* What you are asked to do *
Transcribe all of the records precisely as they are presented.

======== Data supplied

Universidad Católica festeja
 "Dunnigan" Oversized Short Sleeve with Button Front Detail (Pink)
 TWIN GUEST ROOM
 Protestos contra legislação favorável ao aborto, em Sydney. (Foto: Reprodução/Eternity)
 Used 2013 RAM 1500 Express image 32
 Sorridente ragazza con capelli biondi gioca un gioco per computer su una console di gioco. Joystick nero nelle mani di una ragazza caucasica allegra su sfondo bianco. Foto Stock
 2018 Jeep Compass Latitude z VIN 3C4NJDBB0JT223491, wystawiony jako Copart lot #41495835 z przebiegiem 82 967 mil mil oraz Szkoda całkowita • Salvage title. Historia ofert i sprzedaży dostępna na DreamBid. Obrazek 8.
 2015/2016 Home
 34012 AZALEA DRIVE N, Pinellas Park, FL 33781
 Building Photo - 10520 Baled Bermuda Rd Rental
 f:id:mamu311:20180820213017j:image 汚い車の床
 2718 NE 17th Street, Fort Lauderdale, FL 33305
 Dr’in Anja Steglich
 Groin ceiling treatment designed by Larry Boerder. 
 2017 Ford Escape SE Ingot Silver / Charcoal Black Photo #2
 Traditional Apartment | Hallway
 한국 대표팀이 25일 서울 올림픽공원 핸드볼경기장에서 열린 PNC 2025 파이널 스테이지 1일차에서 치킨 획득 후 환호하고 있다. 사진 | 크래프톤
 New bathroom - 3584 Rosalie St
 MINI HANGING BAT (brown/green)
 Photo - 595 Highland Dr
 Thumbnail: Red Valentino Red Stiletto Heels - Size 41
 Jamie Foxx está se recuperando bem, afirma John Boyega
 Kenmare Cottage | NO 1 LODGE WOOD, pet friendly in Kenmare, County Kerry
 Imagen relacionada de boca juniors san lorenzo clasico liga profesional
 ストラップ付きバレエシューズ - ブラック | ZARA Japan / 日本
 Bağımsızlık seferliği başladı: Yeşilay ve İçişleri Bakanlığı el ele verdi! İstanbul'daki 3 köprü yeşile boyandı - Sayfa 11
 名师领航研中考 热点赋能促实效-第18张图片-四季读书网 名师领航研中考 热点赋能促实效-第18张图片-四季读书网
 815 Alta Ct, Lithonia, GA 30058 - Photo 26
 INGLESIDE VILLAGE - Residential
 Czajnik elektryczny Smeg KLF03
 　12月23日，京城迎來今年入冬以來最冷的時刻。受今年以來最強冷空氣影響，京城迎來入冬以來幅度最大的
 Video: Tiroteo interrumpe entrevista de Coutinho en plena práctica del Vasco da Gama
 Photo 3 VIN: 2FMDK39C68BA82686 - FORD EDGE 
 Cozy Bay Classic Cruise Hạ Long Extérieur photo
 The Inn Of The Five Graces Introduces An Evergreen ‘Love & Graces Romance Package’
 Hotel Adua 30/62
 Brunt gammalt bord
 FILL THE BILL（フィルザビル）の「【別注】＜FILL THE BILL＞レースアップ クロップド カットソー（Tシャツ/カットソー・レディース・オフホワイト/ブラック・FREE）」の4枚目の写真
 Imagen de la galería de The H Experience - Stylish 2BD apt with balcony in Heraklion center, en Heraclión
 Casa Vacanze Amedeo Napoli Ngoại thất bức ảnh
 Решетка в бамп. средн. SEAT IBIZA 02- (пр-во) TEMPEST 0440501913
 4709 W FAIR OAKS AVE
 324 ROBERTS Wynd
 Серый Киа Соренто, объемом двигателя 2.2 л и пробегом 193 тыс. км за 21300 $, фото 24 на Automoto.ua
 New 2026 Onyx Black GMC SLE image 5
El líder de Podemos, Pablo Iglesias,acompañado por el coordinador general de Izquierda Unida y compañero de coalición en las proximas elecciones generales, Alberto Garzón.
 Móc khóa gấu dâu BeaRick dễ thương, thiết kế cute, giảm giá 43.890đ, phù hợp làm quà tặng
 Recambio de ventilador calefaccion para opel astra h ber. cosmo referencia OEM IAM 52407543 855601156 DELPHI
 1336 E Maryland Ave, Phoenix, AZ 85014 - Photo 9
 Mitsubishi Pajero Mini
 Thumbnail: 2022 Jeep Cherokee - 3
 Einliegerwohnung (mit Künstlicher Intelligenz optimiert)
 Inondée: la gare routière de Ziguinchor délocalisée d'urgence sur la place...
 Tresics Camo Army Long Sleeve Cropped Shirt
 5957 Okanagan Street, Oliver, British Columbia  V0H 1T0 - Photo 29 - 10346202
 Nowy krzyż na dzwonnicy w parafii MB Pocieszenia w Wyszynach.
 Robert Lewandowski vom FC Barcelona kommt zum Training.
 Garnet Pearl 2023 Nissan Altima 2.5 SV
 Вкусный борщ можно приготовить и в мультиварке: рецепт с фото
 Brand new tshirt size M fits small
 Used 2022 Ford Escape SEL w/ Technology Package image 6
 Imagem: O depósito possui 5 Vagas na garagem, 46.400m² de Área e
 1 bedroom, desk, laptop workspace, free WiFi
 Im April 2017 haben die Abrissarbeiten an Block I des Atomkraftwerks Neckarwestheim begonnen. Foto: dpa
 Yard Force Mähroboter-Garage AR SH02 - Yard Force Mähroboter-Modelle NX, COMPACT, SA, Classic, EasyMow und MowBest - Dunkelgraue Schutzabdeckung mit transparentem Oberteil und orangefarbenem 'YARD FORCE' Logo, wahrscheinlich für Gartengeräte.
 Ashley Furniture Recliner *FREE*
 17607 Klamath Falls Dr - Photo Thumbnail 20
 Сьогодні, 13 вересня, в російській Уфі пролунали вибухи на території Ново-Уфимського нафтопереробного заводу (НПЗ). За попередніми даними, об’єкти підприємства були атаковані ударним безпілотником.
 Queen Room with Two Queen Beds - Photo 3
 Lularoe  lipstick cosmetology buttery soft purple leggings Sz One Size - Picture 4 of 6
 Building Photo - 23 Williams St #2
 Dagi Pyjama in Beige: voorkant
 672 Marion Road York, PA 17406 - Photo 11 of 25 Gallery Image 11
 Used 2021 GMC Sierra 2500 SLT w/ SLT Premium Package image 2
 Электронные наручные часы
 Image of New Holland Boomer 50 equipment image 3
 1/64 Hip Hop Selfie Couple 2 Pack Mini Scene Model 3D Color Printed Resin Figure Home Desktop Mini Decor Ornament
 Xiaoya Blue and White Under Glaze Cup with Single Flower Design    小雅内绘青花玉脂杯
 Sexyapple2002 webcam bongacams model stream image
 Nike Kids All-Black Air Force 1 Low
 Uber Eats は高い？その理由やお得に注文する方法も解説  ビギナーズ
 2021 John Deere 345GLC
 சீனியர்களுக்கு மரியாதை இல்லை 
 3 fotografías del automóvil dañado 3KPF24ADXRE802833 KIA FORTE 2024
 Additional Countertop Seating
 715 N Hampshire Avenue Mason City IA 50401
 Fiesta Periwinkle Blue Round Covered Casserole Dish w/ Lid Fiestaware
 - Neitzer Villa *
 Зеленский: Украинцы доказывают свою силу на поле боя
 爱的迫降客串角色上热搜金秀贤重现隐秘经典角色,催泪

================

* Response *
Universidad Católica festeja
 "Dunnigan" Oversized Short Sleeve with Button Front Detail (Pink)
 TWIN GUEST ROOM
 Protestos contra legislação favorável ao aborto, em Sydney. (Foto: Reprodução/Eternity)
 Used 2013 RAM 1500 Express image 32
 Sorridente ragazza con capelli biondi gioca un gioco per computer su una console di gioco. Joystick nero nelle mani di una ragazza caucasica allegra su sfondo bianco. Foto Stock
 2018 Jeep Compass Latitude z VIN 3C4NJDBB0JT223491, wystawiony jako Copart lot #41495835 z przebiegiem 82 967 mil mil oraz Szkoda całkowita • Salvage title. Historia ofert i sprzedaży dostępna na DreamBid. Obrazek 8.
 2015/2016 Home
 34012 AZALEA DRIVE N, Pinellas Park, FL 33781
 Building Photo - 10520 Baled Bermuda Rd Rental
 f:id:mamu311:20180820213017j:image 汚い車の床
 2718 NE 17th Street, Fort Lauderdale, FL 33305
 Dr’in Anja Steglich
 Groin ceiling treatment designed by Larry Boerder. 
 2017 Ford Escape SE Ingot Silver / Charcoal Black Photo #2
 Traditional Apartment | Hallway
 한국 대표팀이 25일 서울 올림픽공원 핸드볼경기장에서 열린 PNC 2025 파이널 스테이지 1일차에서 치킨 획득 후 환호하고 있다. 사진 | 크래프톤
 New bathroom - 3584 Rosalie St
 MINI HANGING BAT (brown/green)
 Photo - 595 Highland Dr
 Thumbnail: Red Valentino Red Stiletto Heels - Size 41
 Jamie Foxx está se recuperando bem, afirma John Boyega
 Kenmare Cottage | NO 1 LODGE WOOD, pet friendly in Kenmare, County Kerry
 Imagen relacionada de boca juniors san lorenzo clasico liga profesional
 ストラップ付きバレエシューズ - ブラック | ZARA Japan / 日本
 Bağımsızlık seferliği başladı: Yeşilay ve İçişleri Bakanlığı el ele verdi! İstanbul'daki 3 köprü yeşile boyandı - Sayfa 11
 名师领航研中考 热点赋能促实效-第18张图片-四季读书网 名师领航研中考 热点赋能促实效-第18张图片-四季读书网
 815 Alta Ct, Lithonia, GA 30058 - Photo 26
 INGLESIDE VILLAGE - Residential
 Czajnik elektryczny Smeg KLF03
 　12月23日，京城迎來今年入冬以來最冷的時刻。受今年以來最強冷空氣影響，京城迎來入冬以來幅度最大的
 Video: Tiroteo interrumpe entrevista de Coutinho en plena práctica del Vasco da Gama
 Photo 3 VIN: 2FMDK39C68BA82686 - FORD EDGE 
 Cozy Bay Classic Cruise Hạ Long Extérieur photo
 The Inn Of The Five Graces Introduces An Evergreen ‘Love & Graces Romance Package’
 Hotel Adua 30/62
 Brunt gammalt bord
 FILL THE BILL（フィルザビル）の「【別注】＜FILL THE BILL＞レースアップ クロップド カットソー（Tシャツ/カットソー・レディース・オフホワイト/ブラック・FREE）」の4枚目の写真
 Imagen de la galería de The H Experience - Stylish 2BD apt with balcony in Heraklion center, en Heraclión
 Casa Vacanze Amedeo Napoli Ngoại thất bức ảnh
 Решетка в бамп. средн. SEAT IBIZA 02- (пр-во) TEMPEST 0440501913
 4709 W FAIR OAKS AVE
 324 ROBERTS Wynd
 Серый Киа Соренто, объемом двигателя 2.2 л и пробегом 193 тыс. км за 21300 $, фото 24 на Automoto.ua
 New 2026 Onyx Black GMC SLE image 5
El líder de Podemos, Pablo Iglesias,acompañado por el coordinador general de Izquierda Unida y compañero de coalición en las proximas elecciones generales, Alberto Garzón.
 Móc khóa gấu dâu BeaRick dễ thương, thiết kế cute, giảm giá 43.890đ, phù hợp làm quà tặng
 Recambio de ventilador calefaccion para opel astra h ber. cosmo referencia OEM IAM 52407543 855601156 DELPHI
 1336 E Maryland Ave, Phoenix, AZ 85014 - Photo 9
 Mitsubishi Pajero Mini
 Thumbnail: 2022 Jeep Cherokee - 3
 Einliegerwohnung (mit Künstlicher Intelligenz optimiert)
 Inondée: la gare routière de Ziguinchor délocalisée d'urgence sur la place...
 Tresics Camo Army Long Sleeve Cropped Shirt
 5957 Okanagan Street, Oliver, British Columbia  V0H 1T0 - Photo 29 - 10346202
 Nowy krzyż na dzwonnicy w parafii MB Pocieszenia w Wyszynach.
 Robert Lewandowski vom FC Barcelona kommt zum Training.
 Garnet Pearl 2023 Nissan Altima 2.5 SV
 Вкусный борщ можно приготовить и в мультиварке: рецепт с фото
 Brand new tshirt size M fits small
 Used 2022 Ford Escape SEL w/ Technology Package image 6
 Imagem: O depósito possui 5 Vagas na garagem, 46.400m² de Área e
 1 bedroom, desk, laptop workspace, free WiFi
 Im April 2017 haben die Abrissarbeiten an Block I des Atomkraftwerks Neckarwestheim begonnen. Foto: dpa
 Yard Force Mähroboter-Garage AR SH02 - Yard Force Mähroboter-Modelle NX, COMPACT, SA, Classic, EasyMow und MowBest - Dunkelgraue Schutzabdeckung mit transparentem Oberteil und orangefarbenem 'YARD FORCE' Logo, wahrscheinlich für Gartengeräte.
 Ashley Furniture Recliner *FREE*
 17607 Klamath Falls Dr - Photo Thumbnail 20
 Сьогодні, 13 вересня, в російській Уфі пролунали вибухи на території Ново-Уфимського нафтопереробного заводу (НПЗ). За попередніми даними, об’єкти підприємства були атаковані ударним безпілотником.
 Queen Room with Two Queen Beds - Photo 3
 Lularoe  lipstick cosmetology buttery soft purple leggings Sz One Size - Picture 4 of 6
 Building Photo - 23 Williams St #2
 Dagi Pyjama in Beige: voorkant
 672 Marion Road York, PA 17406 - Photo 11 of 25 Gallery Image 11
 Used 2021 GMC Sierra 2500 SLT w/ SLT Premium Package image 2
 Электронные наручные часы
 Image of New Holland Boomer 50 equipment image 3
 1/64 Hip Hop Selfie Couple 2 Pack Mini Scene Model 3D Color Printed Resin Figure Home Desktop Mini Decor Ornament
 Xiaoya Blue and White Under Glaze Cup with Single Flower Design    小雅内绘青花玉脂杯
 Sexyapple2002 webcam bongacams model stream image
 Nike Kids All-Black Air Force 1 Low
 Uber Eats は高い？その理由やお得に注文する方法も解説  ビギナーズ
 2021 John Deere 345GLC
 சீனியர்களுக்கு மரியாதை இல்லை 
 3 fotografías del automóvil dañado 3KPF24ADXRE802833 KIA FORTE 2024
 Additional Countertop Seating
 715 N Hampshire Avenue Mason City IA 50401
 Fiesta Periwinkle Blue Round Covered Casserole Dish w/ Lid Fiestaware
 - Neitzer Villa *
 Зеленский: Украинцы доказывают свою силу на поле боя
 爱的迫降客串角色上热搜金秀贤重现隐秘经典角色,催泪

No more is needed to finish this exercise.